Nothing in the data may be altered; restate all of it exactly.

▸ PROVIDED INFORMATION:
● ● ● ●
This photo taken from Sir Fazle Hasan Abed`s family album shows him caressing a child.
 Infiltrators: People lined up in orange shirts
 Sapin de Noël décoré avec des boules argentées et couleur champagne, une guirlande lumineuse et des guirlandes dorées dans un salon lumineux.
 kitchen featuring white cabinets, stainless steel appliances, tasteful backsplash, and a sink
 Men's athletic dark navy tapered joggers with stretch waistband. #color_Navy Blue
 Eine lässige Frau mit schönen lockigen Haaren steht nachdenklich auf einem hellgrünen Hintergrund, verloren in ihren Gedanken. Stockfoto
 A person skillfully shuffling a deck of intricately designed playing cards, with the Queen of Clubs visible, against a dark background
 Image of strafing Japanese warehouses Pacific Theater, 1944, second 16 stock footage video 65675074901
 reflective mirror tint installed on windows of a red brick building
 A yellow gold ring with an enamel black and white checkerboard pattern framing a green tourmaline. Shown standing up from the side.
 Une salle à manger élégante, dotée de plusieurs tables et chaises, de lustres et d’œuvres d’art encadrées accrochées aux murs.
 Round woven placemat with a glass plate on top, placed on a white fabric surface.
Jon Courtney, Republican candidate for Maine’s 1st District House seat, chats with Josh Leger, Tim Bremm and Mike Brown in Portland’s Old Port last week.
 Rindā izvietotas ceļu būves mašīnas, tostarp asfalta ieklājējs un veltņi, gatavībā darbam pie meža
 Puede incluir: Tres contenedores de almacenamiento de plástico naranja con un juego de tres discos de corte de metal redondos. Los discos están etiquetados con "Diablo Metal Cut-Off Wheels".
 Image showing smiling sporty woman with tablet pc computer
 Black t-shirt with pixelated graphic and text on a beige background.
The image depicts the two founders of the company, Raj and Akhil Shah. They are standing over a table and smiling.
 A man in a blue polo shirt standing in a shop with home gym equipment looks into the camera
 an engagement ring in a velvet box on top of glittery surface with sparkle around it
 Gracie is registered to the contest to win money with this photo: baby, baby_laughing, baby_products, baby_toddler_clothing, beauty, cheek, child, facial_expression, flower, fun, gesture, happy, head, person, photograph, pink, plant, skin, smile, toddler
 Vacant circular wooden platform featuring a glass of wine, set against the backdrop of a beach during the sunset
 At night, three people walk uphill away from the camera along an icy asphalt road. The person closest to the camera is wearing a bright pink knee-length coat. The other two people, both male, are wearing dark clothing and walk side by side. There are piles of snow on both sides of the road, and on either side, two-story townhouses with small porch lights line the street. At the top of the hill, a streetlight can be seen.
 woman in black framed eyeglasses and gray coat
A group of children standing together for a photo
● ● ● ●
▸ OUTPUT OF THE EXERCISE:
This photo taken from Sir Fazle Hasan Abed`s family album shows him caressing a child.
 Infiltrators: People lined up in orange shirts
 Sapin de Noël décoré avec des boules argentées et couleur champagne, une guirlande lumineuse et des guirlandes dorées dans un salon lumineux.
 kitchen featuring white cabinets, stainless steel appliances, tasteful backsplash, and a sink
 Men's athletic dark navy tapered joggers with stretch waistband. #color_Navy Blue
 Eine lässige Frau mit schönen lockigen Haaren steht nachdenklich auf einem hellgrünen Hintergrund, verloren in ihren Gedanken. Stockfoto
 A person skillfully shuffling a deck of intricately designed playing cards, with the Queen of Clubs visible, against a dark background
 Image of strafing Japanese warehouses Pacific Theater, 1944, second 16 stock footage video 65675074901
 reflective mirror tint installed on windows of a red brick building
 A yellow gold ring with an enamel black and white checkerboard pattern framing a green tourmaline. Shown standing up from the side.
 Une salle à manger élégante, dotée de plusieurs tables et chaises, de lustres et d’œuvres d’art encadrées accrochées aux murs.
 Round woven placemat with a glass plate on top, placed on a white fabric surface.
Jon Courtney, Republican candidate for Maine’s 1st District House seat, chats with Josh Leger, Tim Bremm and Mike Brown in Portland’s Old Port last week.
 Rindā izvietotas ceļu būves mašīnas, tostarp asfalta ieklājējs un veltņi, gatavībā darbam pie meža
 Puede incluir: Tres contenedores de almacenamiento de plástico naranja con un juego de tres discos de corte de metal redondos. Los discos están etiquetados con "Diablo Metal Cut-Off Wheels".
 Image showing smiling sporty woman with tablet pc computer
 Black t-shirt with pixelated graphic and text on a beige background.
The image depicts the two founders of the company, Raj and Akhil Shah. They are standing over a table and smiling.
 A man in a blue polo shirt standing in a shop with home gym equipment looks into the camera
 an engagement ring in a velvet box on top of glittery surface with sparkle around it
 Gracie is registered to the contest to win money with this photo: baby, baby_laughing, baby_products, baby_toddler_clothing, beauty, cheek, child, facial_expression, flower, fun, gesture, happy, head, person, photograph, pink, plant, skin, smile, toddler
 Vacant circular wooden platform featuring a glass of wine, set against the backdrop of a beach during the sunset
 At night, three people walk uphill away from the camera along an icy asphalt road. The person closest to the camera is wearing a bright pink knee-length coat. The other two people, both male, are wearing dark clothing and walk side by side. There are piles of snow on both sides of the road, and on either side, two-story townhouses with small porch lights line the street. At the top of the hill, a streetlight can be seen.
 woman in black framed eyeglasses and gray coat
A group of children standing together for a photo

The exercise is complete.